▶ _Brief_:
Below are entries; repeat exactly, and nothing else, the lines from the one holding "柴咲コウ/LOVE PARANOIA/ユニバーサル UPCH29039 CD" through the one holding "iribet plataforma: Segurança", inclusive. Leave the pictures out.

▶ _The data_:
_____

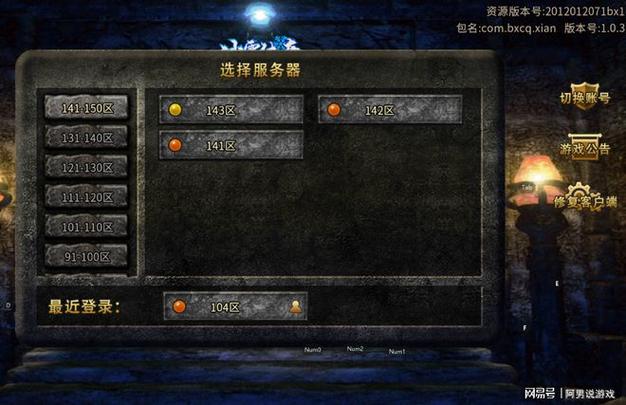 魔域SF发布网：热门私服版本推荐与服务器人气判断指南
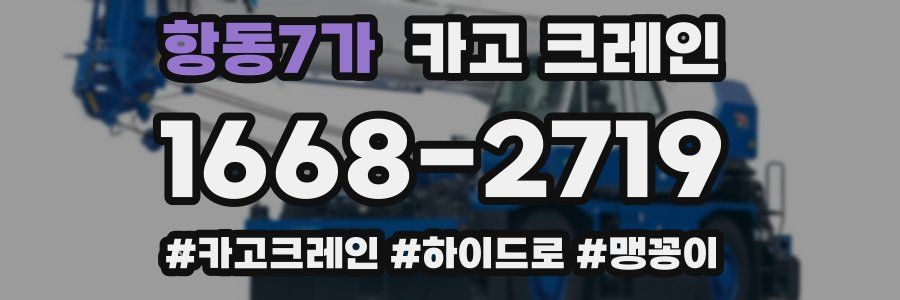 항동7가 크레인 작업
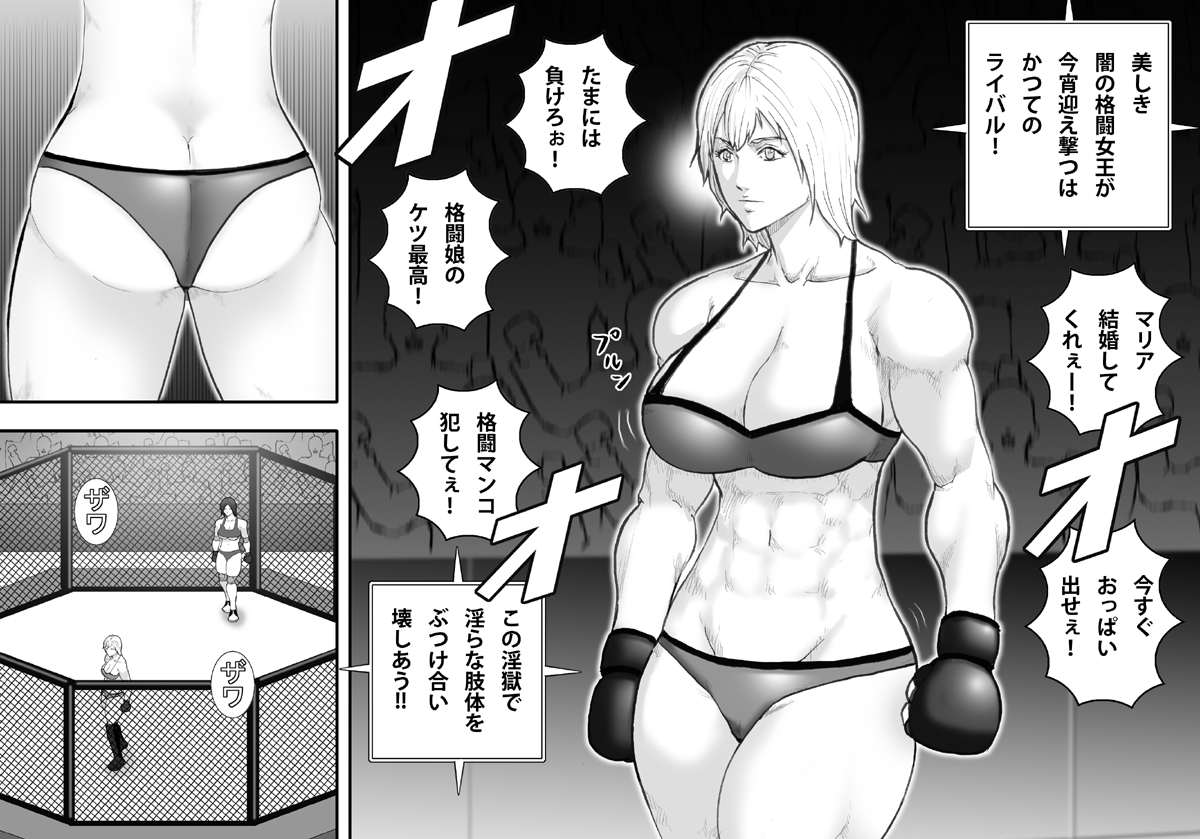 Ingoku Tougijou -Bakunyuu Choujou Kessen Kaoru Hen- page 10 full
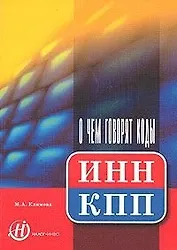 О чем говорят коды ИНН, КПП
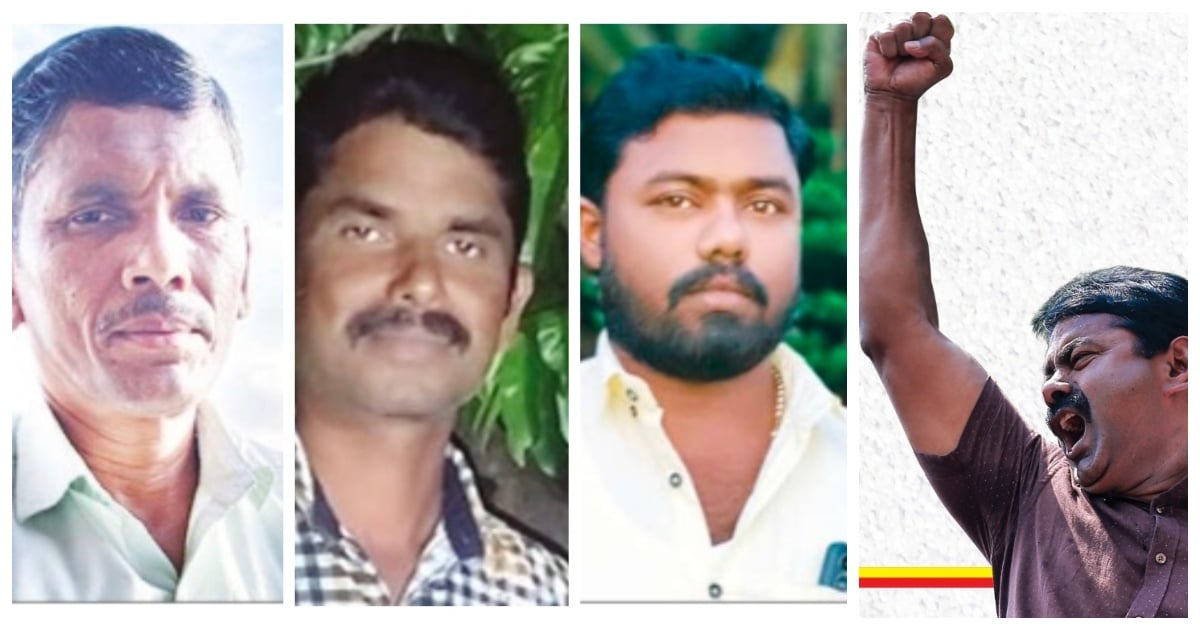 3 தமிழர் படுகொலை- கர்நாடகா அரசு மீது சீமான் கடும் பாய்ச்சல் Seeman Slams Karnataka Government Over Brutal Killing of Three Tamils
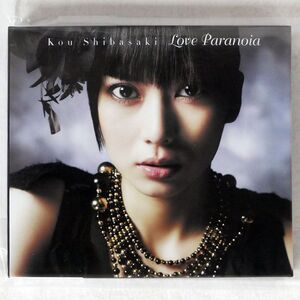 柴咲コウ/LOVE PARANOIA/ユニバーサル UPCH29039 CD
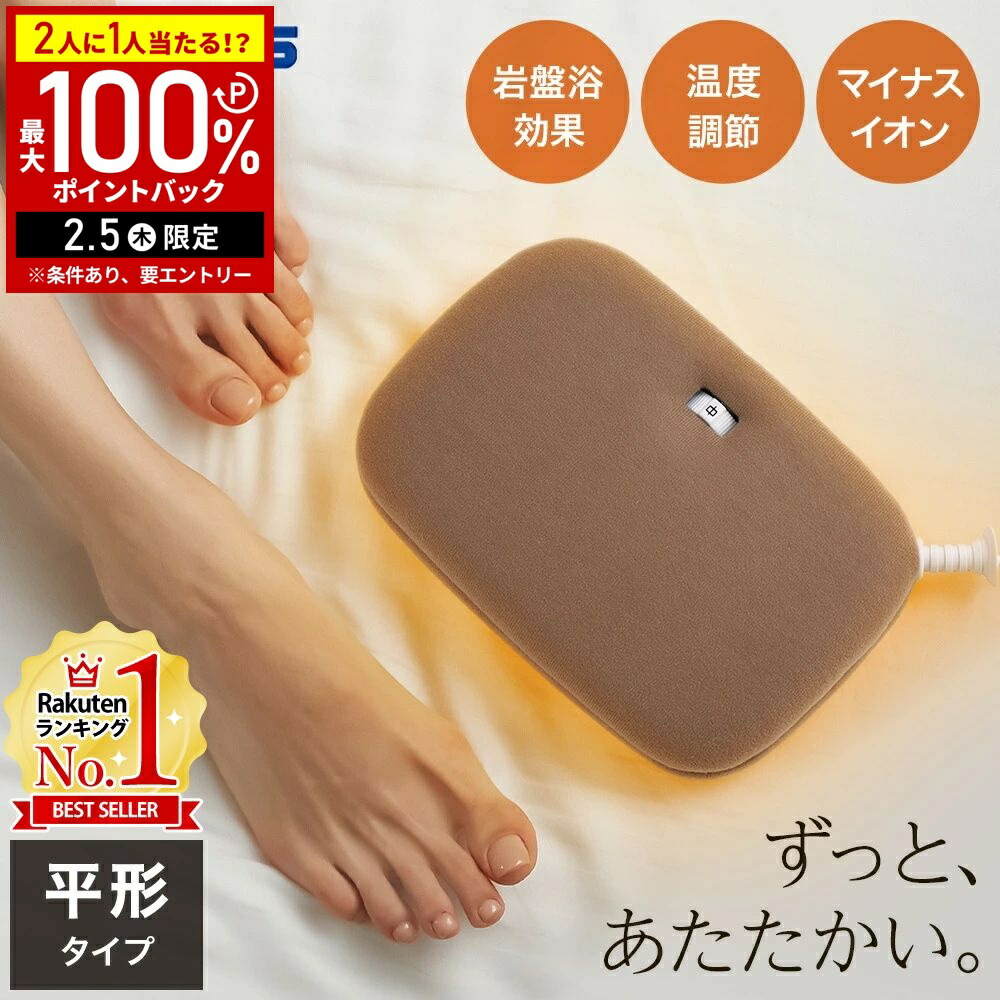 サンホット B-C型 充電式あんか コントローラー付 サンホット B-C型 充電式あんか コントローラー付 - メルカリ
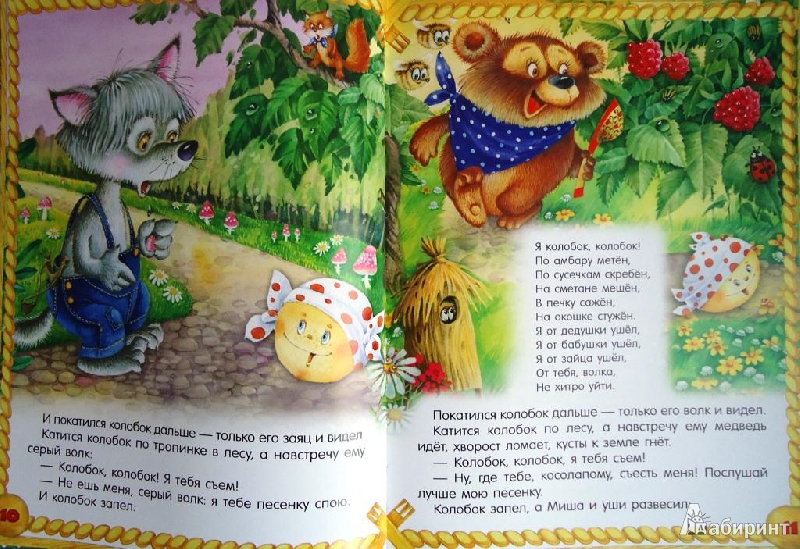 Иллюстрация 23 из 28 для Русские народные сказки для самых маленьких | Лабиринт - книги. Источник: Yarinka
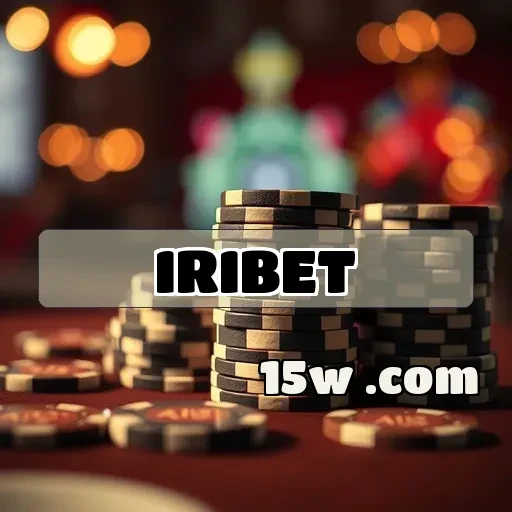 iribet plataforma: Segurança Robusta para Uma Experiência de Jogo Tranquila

_____

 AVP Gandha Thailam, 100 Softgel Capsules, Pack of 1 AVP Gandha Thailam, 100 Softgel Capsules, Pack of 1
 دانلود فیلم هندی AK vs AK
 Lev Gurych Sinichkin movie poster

_____

▶ _Answer box_:
 柴咲コウ/LOVE PARANOIA/ユニバーサル UPCH29039 CD
 サンホット B-C型 充電式あんか コントローラー付 サンホット B-C型 充電式あんか コントローラー付 - メルカリ
 Иллюстрация 23 из 28 для Русские народные сказки для самых маленьких | Лабиринт - книги. Источник: Yarinka
 iribet plataforma: Segurança Robusta para Uma Experiência de Jogo Tranquila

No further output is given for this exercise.